Conclusion: The New Anchor Tenants of Telecom Infrastructure

Elon Musk’s constellation of companies—Tesla, xAI, and X—are no longer just consumers of telecom services; they have become foundational anchor tenants reshaping the digital infrastructure landscape. Their demand for hundreds of megawatts of power, petabits of internal fabric bandwidth, and low-latency external connectivity is catalyzing investments in fiber, data center campuses, and grid infrastructure in specific regions.
For telecom operators, the strategy must evolve. Sales teams need to engage with the real estate and engineering divisions of these companies, not just their IT departments. Network planning must account for these new, power-dense hubs of traffic generation. Wholesale and colocation providers must adapt their product offerings to support custom, high-density deployments.

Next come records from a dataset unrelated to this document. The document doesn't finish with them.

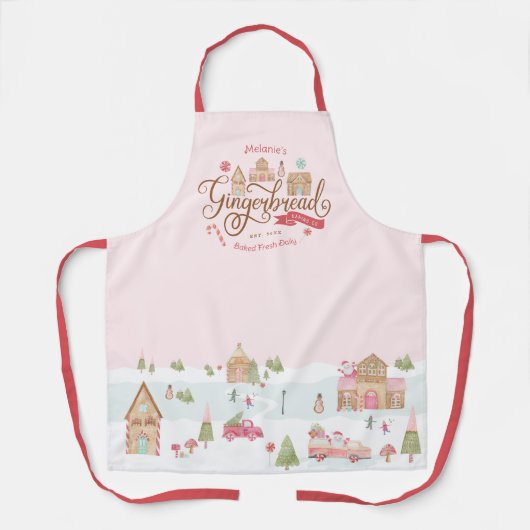 おもしろいジンジャーパンベーカリーパーソナライズされたCoファミリー名 エプロン (正面)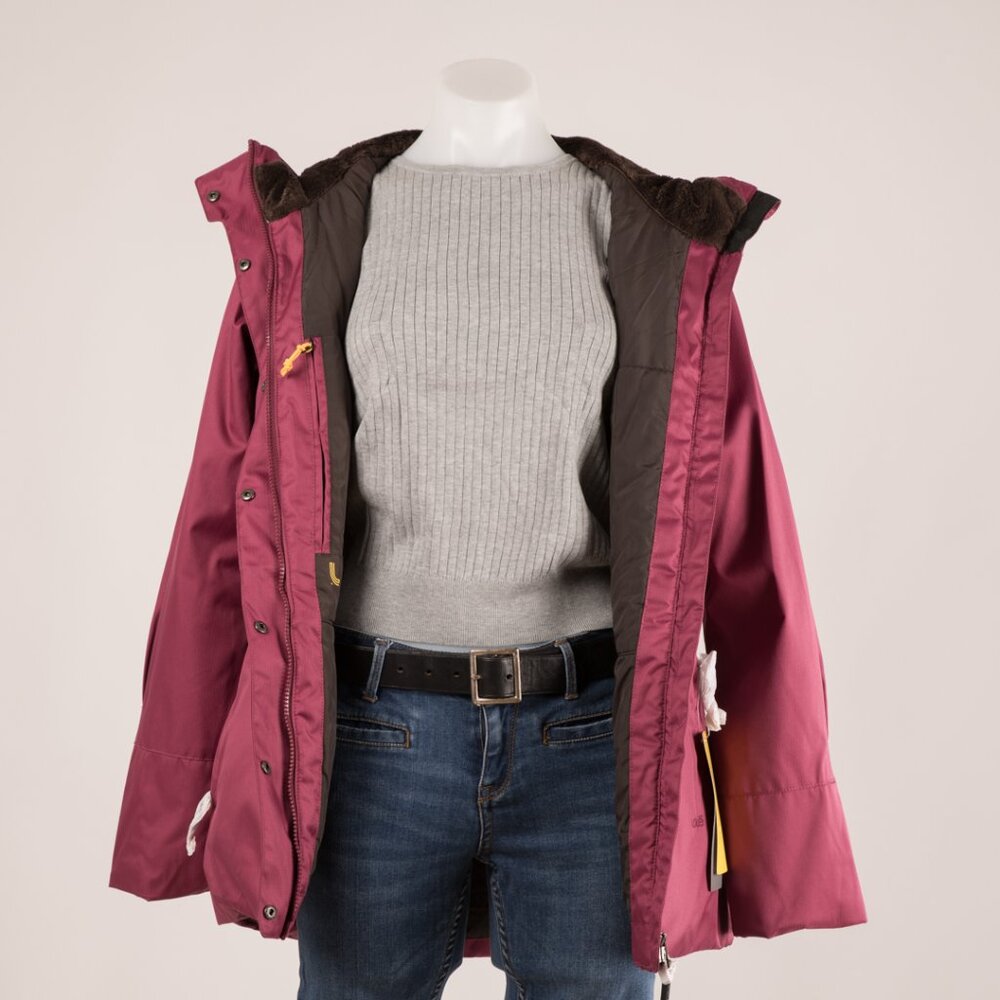 Lolé Burgundy Waterproof Hooded Parka Jacket – Size M - Picture 3 of 9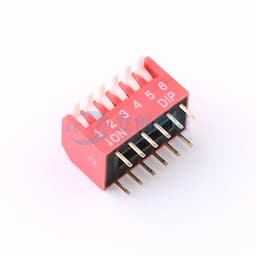 拨码开关红色06P-180度6PIN间距2.54mm立式直插侧拨琴键式6位DIP 【拨码】缩略图
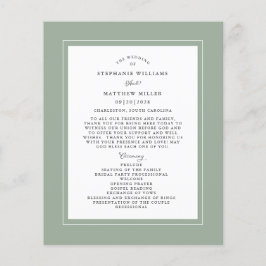 Programa de presupuesto elegante para ceremonia de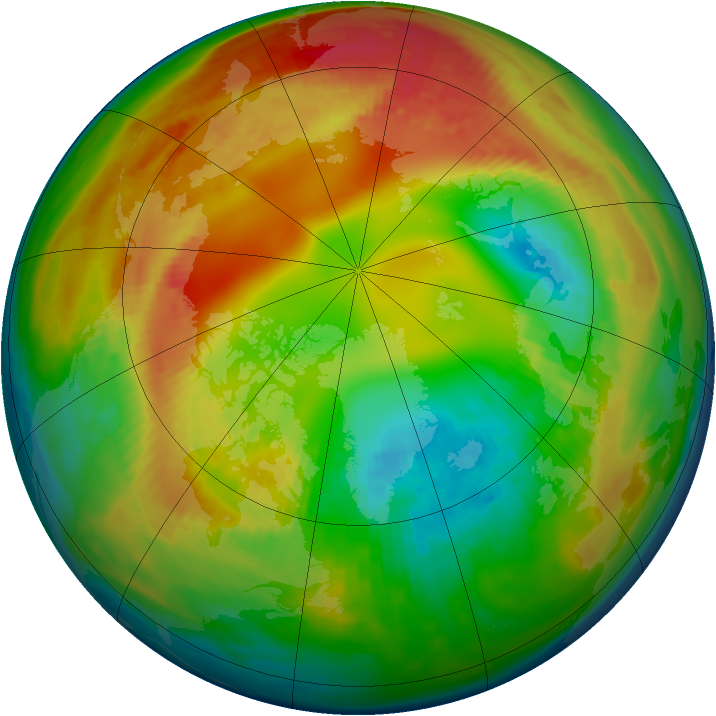 Arctic ozone map for 11 February 1983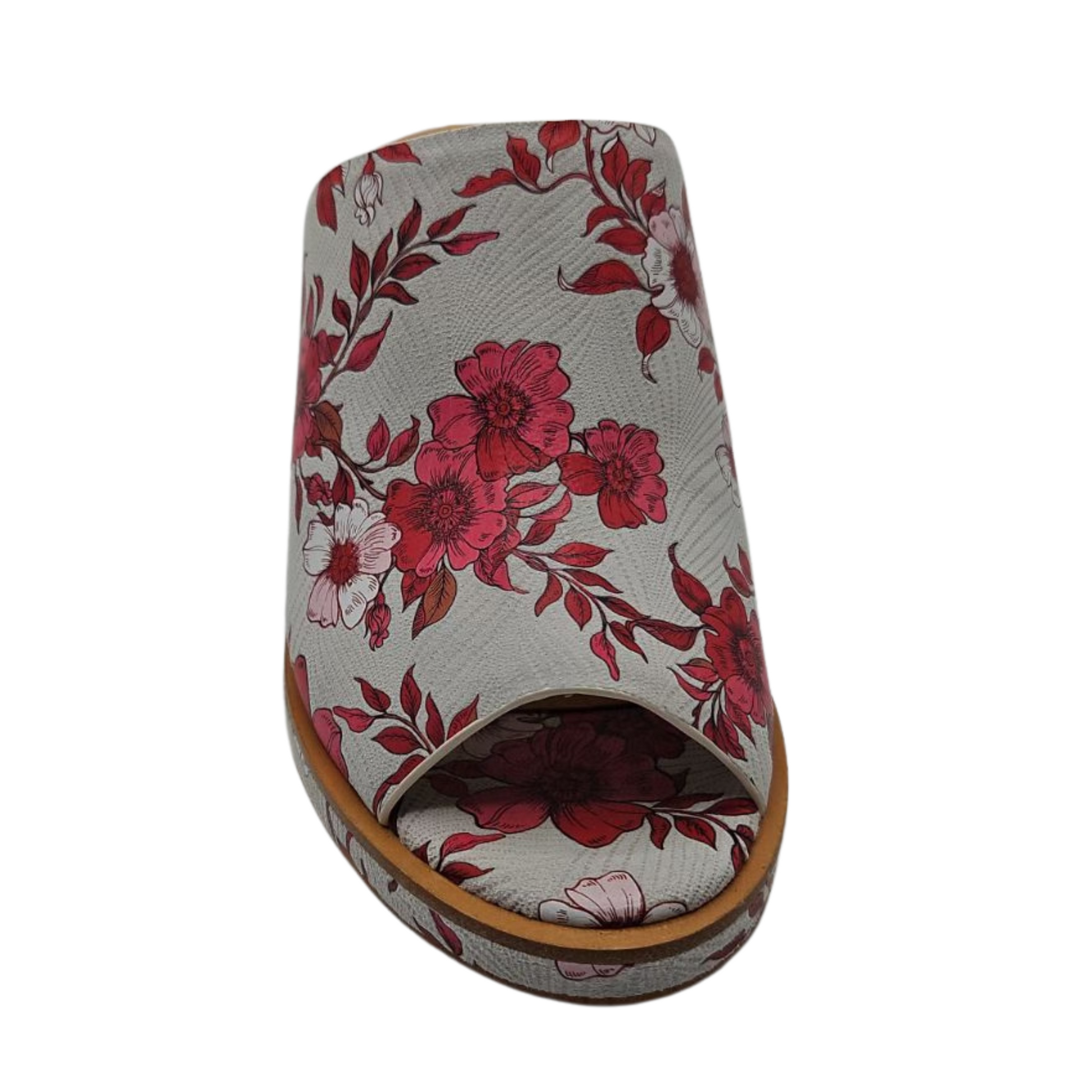 Front view of bold floral slip on sandal with wrapped block heel and cushioned footbed.
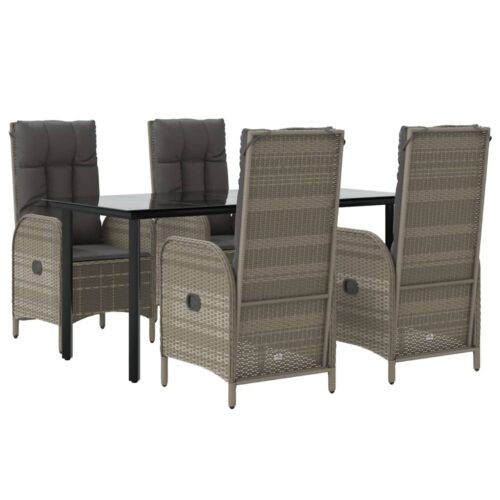 5-Piece Garden Dining Set with Cushions Black Grey Poly Rattan Wicker Outdoor Patio Furniture - Image 3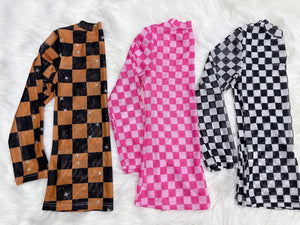 Mesh Checkered Tops for Abby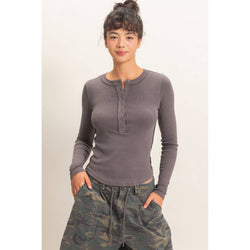HYFVE Pigment Dye Henley Long Sleeve Top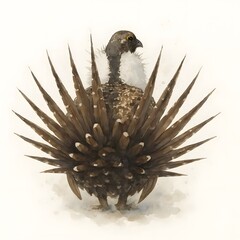 산쑥들꿩, 뒷부분, 수채화, jpeg (Greater sage-grouse, back view, water colour, jpeg)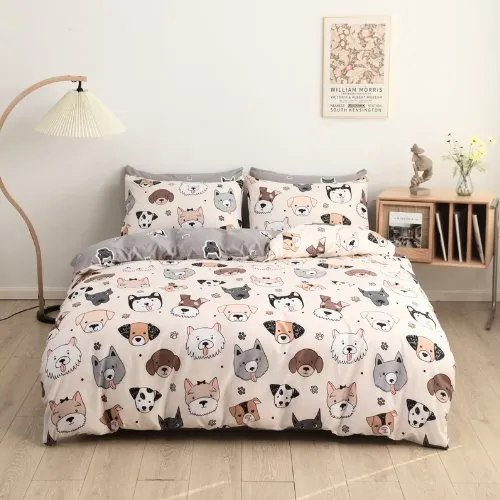 Single size 4 pieces, brown cute dogs design.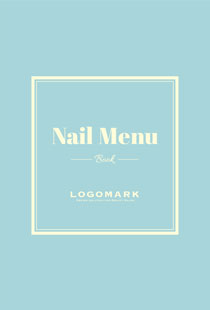 メニュー表2折り正方形のシンプルな2重線のフレームがおしゃれ大人かわいい007B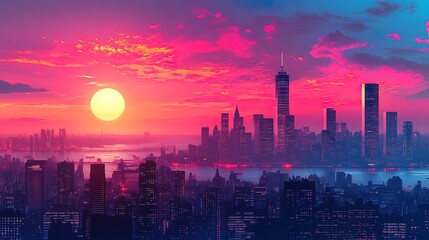 Fototapeta premium Dynamic city skyline illuminated at twilight, modern urban landscape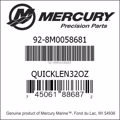 Bar codes for Mercury Marine part number 92-8M0058681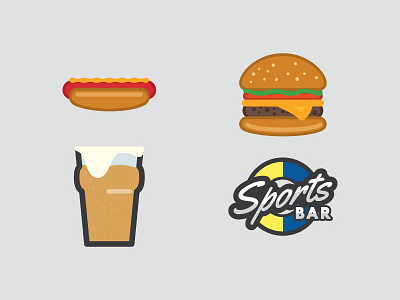 Sports Bar Icons beer burger flat food hotdog icon icons vector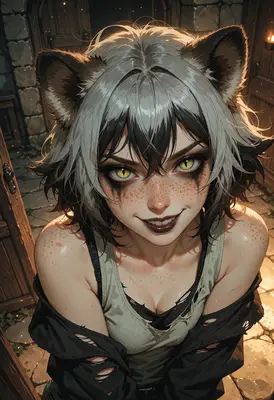 Sly Wolf Girl with Golden Eyes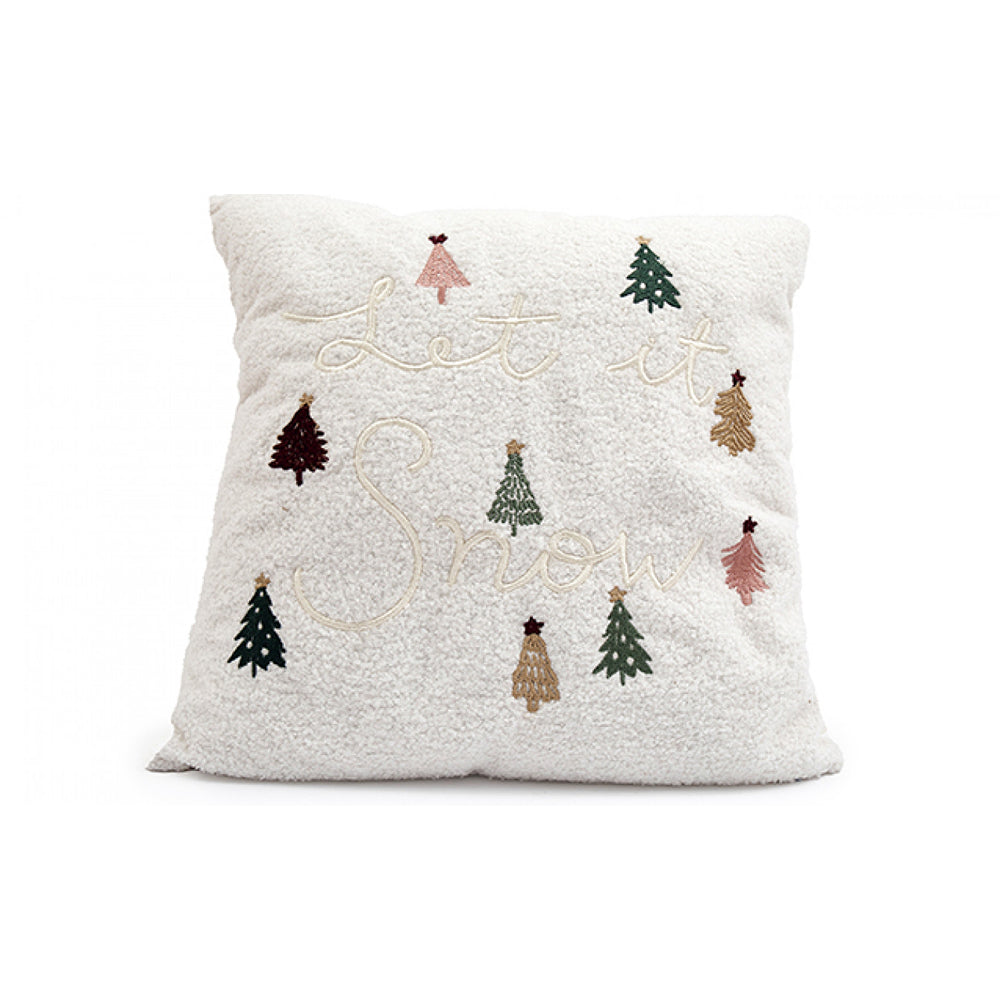 Christmas Let It Snow Embroidered Cushion | 45 x 45, Plush Texture, Mini Trees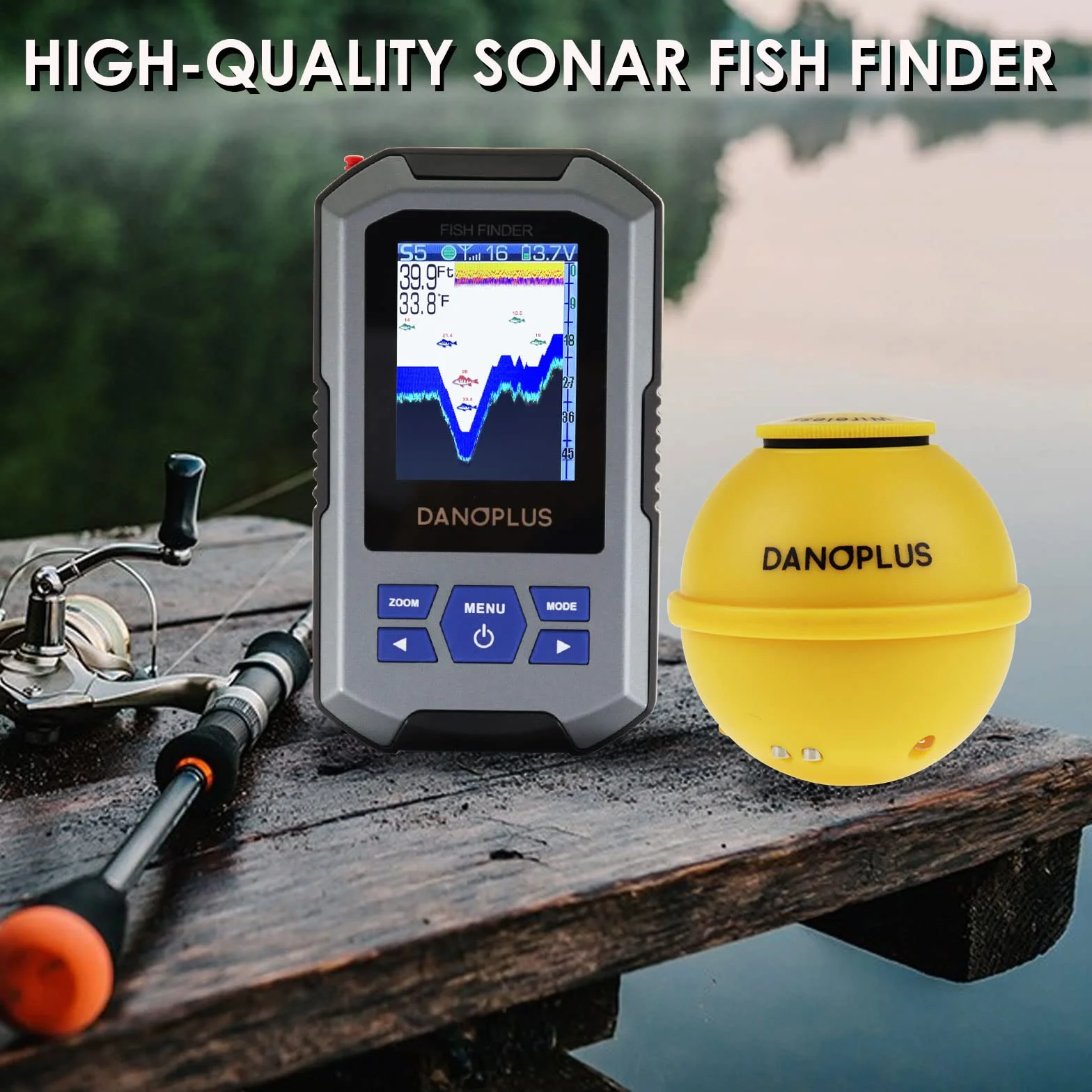 155 piedi Sensore Sonar Wireless Finder Portatile Sensore di Pesce Rilevamento Profondità Ricaricabile Accessori Pesca Kayak Barca Pesca Pesca Pesca Mare Ghiaccio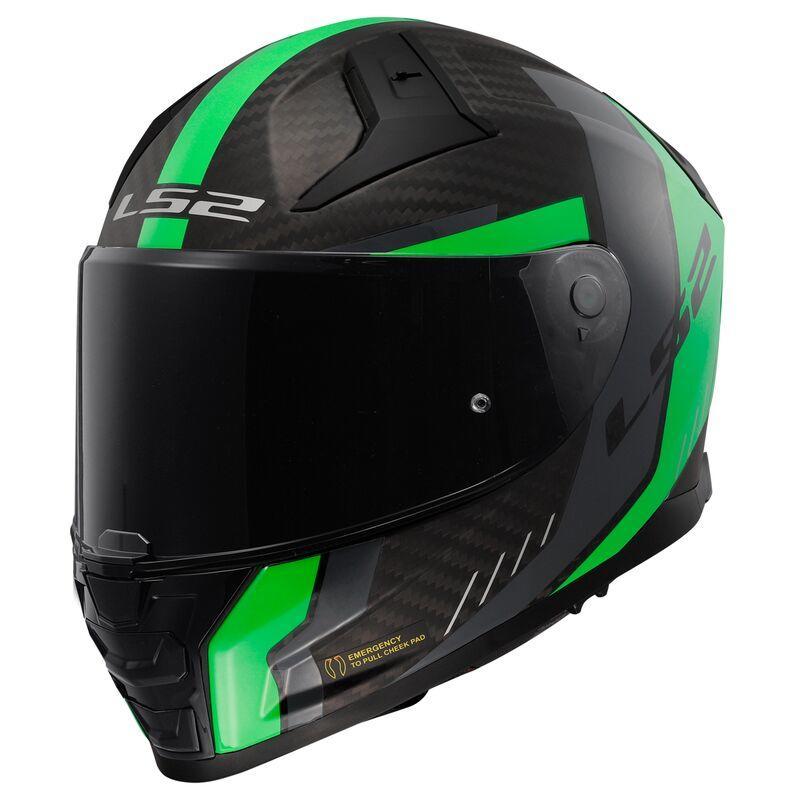 LS2 FF811 VECTOR II C GRID MATT FLUO GREEN-06 S-CARBON LS2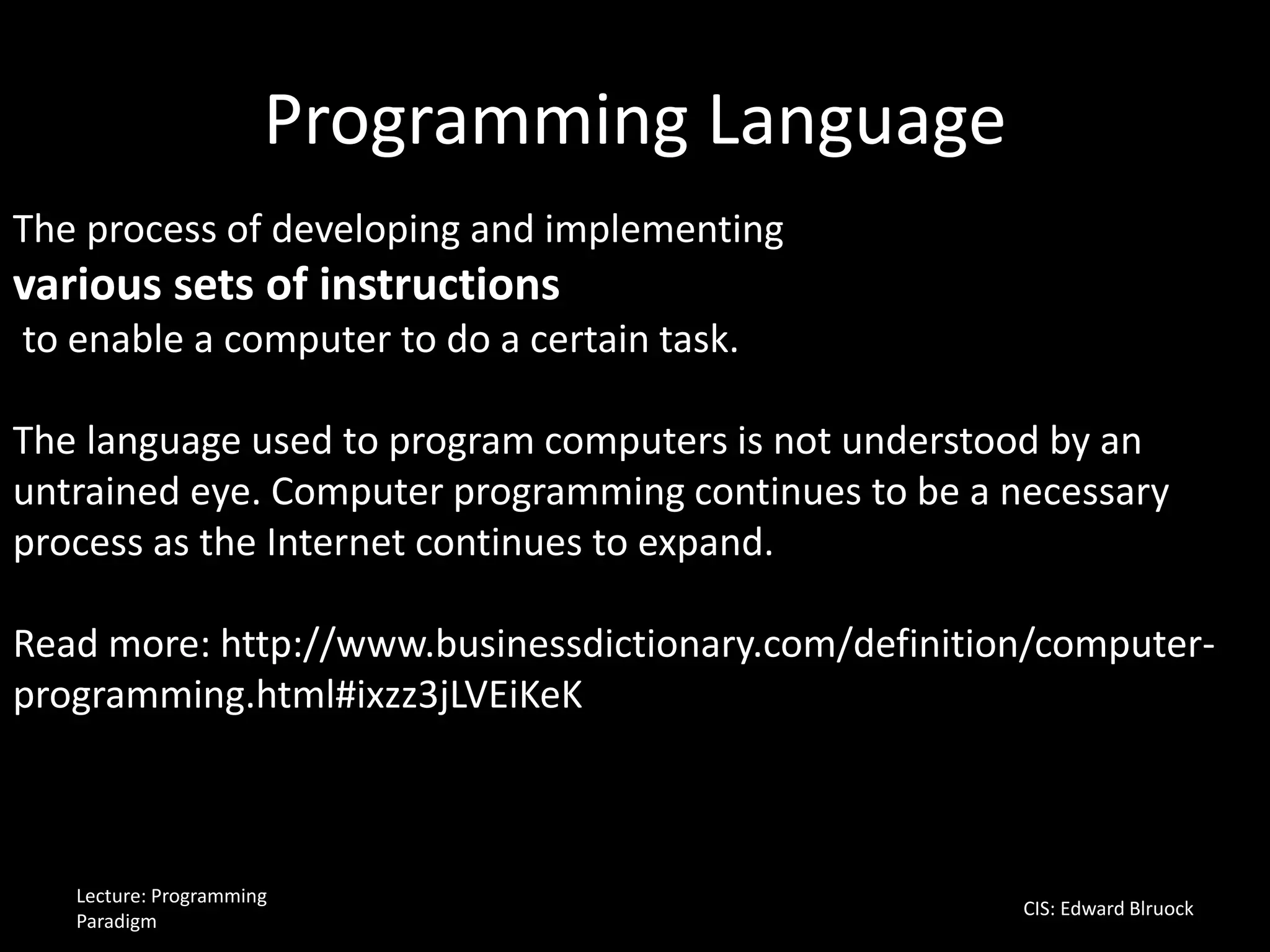 Programming Languages | PPT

Looking ahead, the success of these AI ventures hinges on the physical infrastructure that underpins them. The race for AI supremacy is, in no small part, a race to secure power contracts, fiber conduits, and strategic colocation space. As this demand converges with the already intense needs of public hyperscalers, the telecom and data center industries face a period of unprecedented growth and transformation, with the decisions made today defining the network topology of the AI-powered future.